INSTRUCTIONS FOR THE TASK >>
Copy nothing but the lines below, from the one with "Next is the" through the one with "Welcome to Wolfnist, your", exactly as written; no pictures should appear.

THE INPUT >>
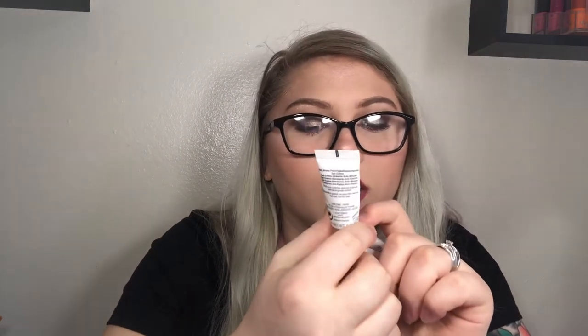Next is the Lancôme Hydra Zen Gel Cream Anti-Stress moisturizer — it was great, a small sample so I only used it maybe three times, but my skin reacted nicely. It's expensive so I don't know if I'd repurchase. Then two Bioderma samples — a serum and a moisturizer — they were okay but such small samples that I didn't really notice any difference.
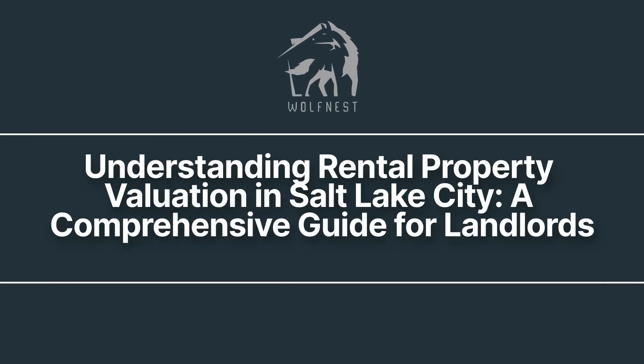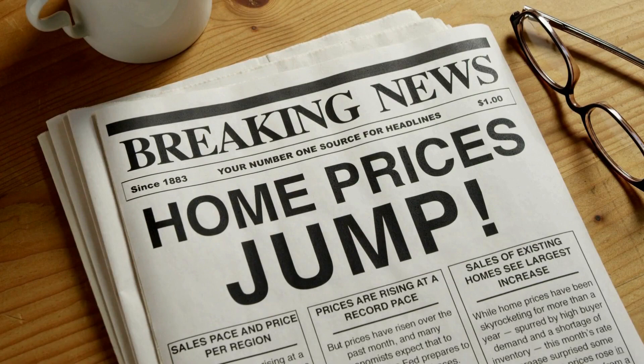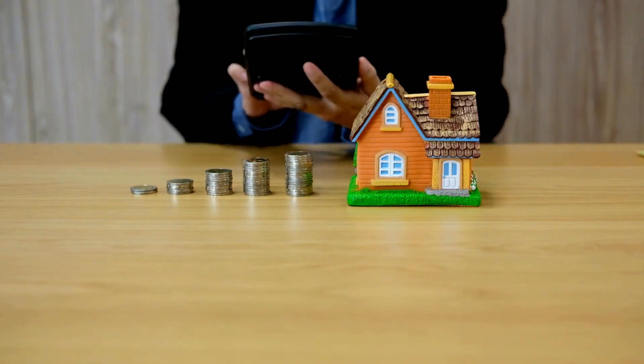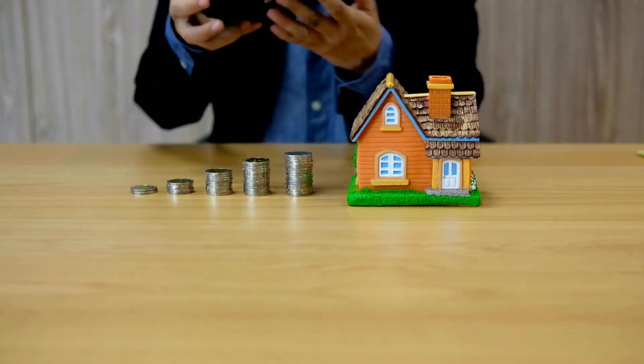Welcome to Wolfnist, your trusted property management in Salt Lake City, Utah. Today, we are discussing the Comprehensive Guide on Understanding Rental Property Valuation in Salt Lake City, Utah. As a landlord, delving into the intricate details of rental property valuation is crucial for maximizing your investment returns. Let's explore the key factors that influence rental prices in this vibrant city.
---
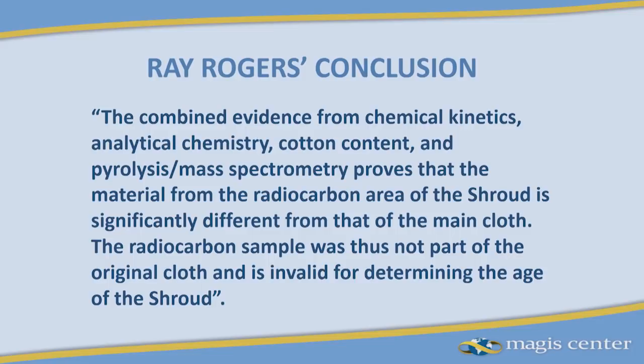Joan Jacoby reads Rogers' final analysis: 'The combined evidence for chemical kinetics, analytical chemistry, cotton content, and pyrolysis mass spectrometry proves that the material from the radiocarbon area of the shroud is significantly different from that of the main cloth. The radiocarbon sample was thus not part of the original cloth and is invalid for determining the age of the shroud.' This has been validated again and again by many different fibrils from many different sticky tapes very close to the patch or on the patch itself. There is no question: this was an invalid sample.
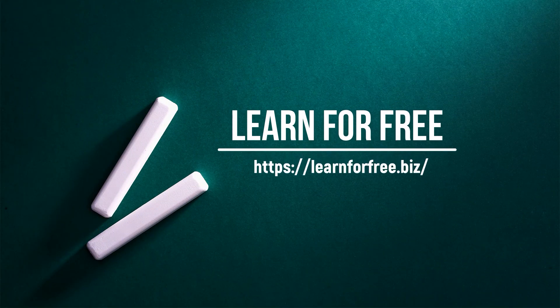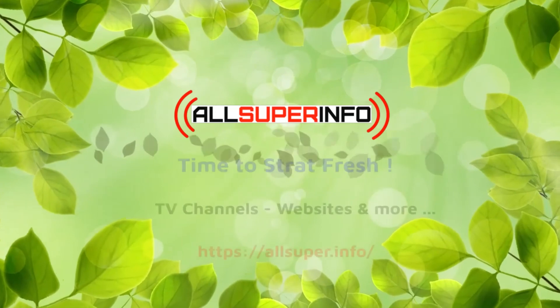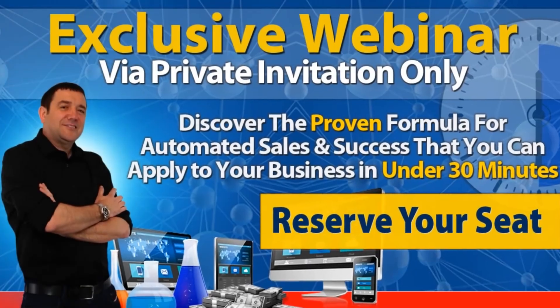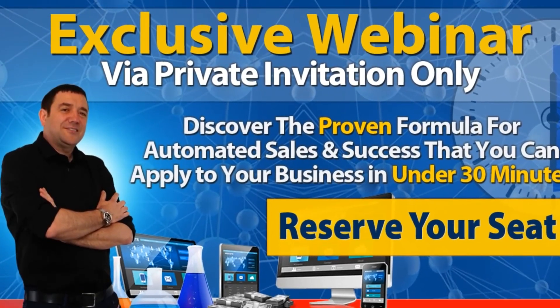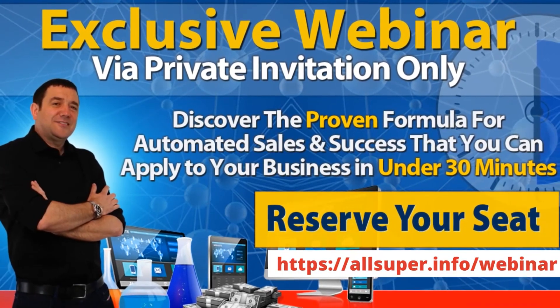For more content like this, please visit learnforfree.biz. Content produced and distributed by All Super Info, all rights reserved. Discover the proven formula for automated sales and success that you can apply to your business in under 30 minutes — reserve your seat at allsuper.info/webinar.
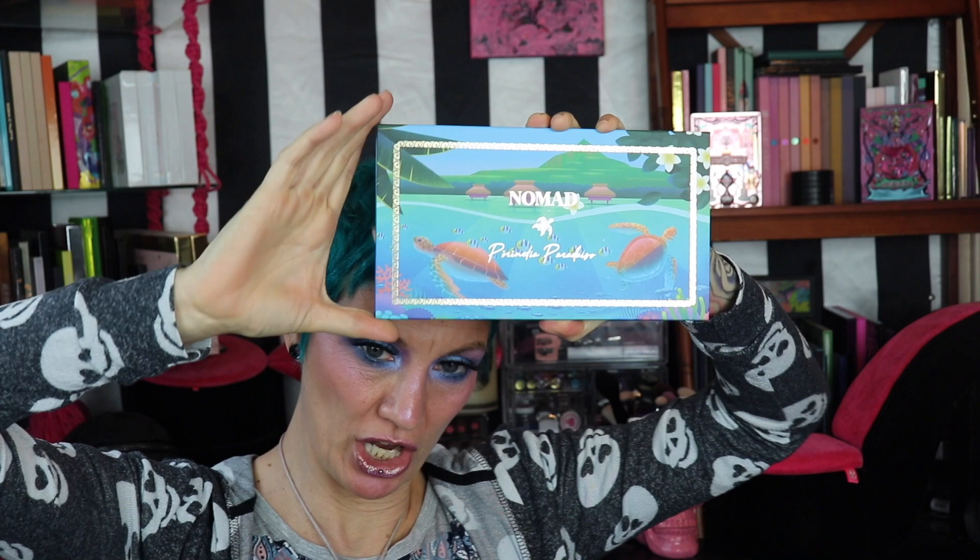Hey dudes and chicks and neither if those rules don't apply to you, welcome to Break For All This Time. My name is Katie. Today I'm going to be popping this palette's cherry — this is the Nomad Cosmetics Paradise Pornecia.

OUTPUT >>
Next is the Lancôme Hydra Zen Gel Cream Anti-Stress moisturizer — it was great, a small sample so I only used it maybe three times, but my skin reacted nicely. It's expensive so I don't know if I'd repurchase. Then two Bioderma samples — a serum and a moisturizer — they were okay but such small samples that I didn't really notice any difference.
Welcome to Wolfnist, your trusted property management in Salt Lake City, Utah. Today, we are discussing the Comprehensive Guide on Understanding Rental Property Valuation in Salt Lake City, Utah. As a landlord, delving into the intricate details of rental property valuation is crucial for maximizing your investment returns. Let's explore the key factors that influence rental prices in this vibrant city.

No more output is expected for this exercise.